What to do:
Return, exactly as written, the line containing "Modern circular LED" and every line after it to the end of the records below, with no pictures.

(Image-text web data)
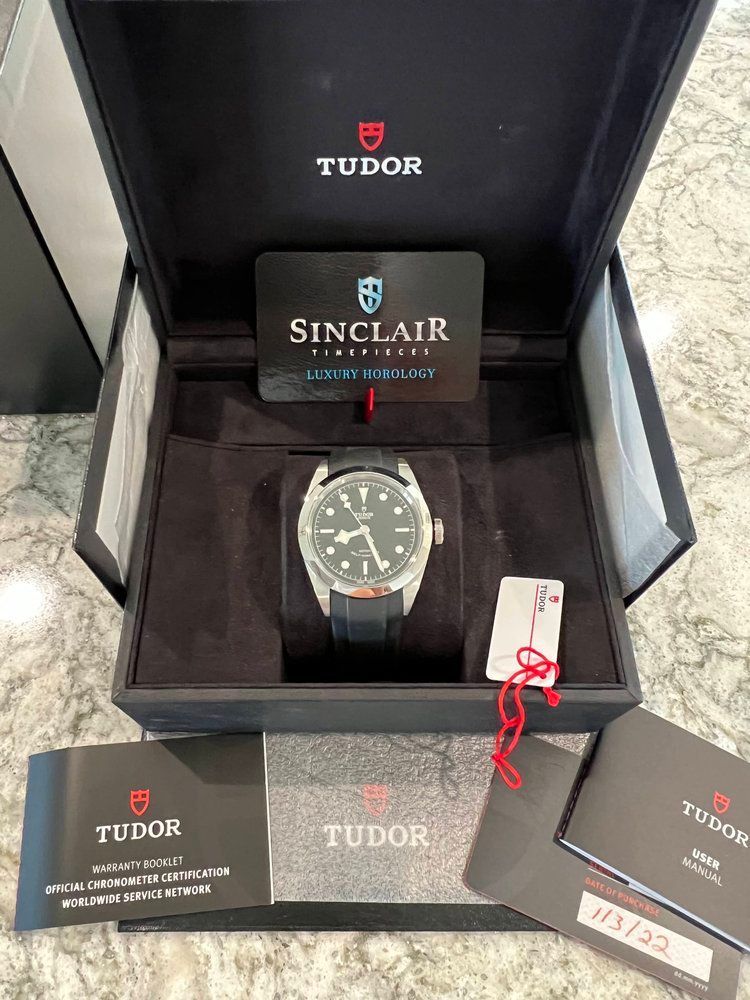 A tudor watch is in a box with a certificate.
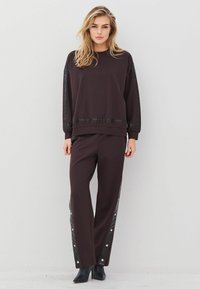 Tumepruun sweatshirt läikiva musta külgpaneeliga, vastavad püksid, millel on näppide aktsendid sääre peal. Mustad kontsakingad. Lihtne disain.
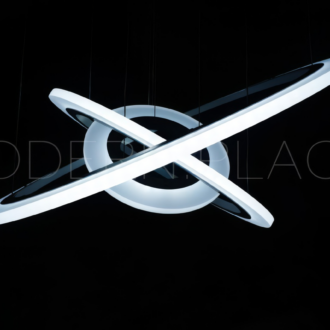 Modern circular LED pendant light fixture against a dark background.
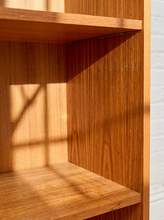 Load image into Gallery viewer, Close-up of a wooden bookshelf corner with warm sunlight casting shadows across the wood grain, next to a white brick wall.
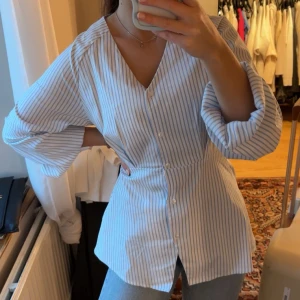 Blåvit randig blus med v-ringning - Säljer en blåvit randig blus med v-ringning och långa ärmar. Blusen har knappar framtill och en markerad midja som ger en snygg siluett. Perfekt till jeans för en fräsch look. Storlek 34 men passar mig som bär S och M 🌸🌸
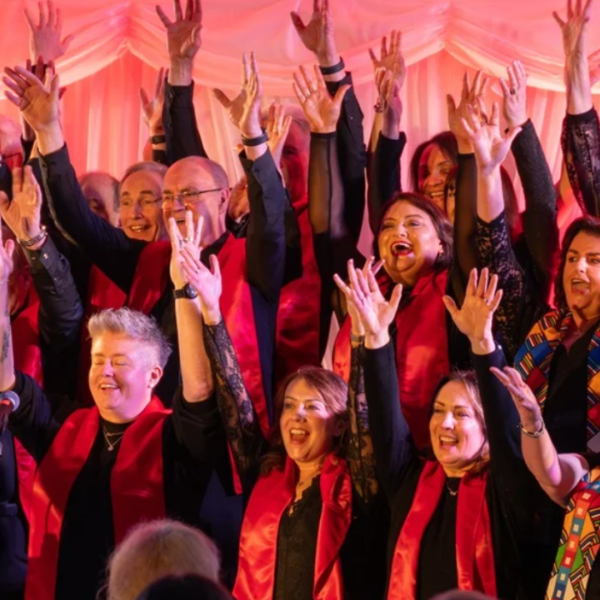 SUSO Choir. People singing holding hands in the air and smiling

Response to this exercise:
 Modern circular LED pendant light fixture against a dark background.
 Load image into Gallery viewer, Close-up of a wooden bookshelf corner with warm sunlight casting shadows across the wood grain, next to a white brick wall.
 Blåvit randig blus med v-ringning - Säljer en blåvit randig blus med v-ringning och långa ärmar. Blusen har knappar framtill och en markerad midja som ger en snygg siluett. Perfekt till jeans för en fräsch look. Storlek 34 men passar mig som bär S och M 🌸🌸
 SUSO Choir. People singing holding hands in the air and smiling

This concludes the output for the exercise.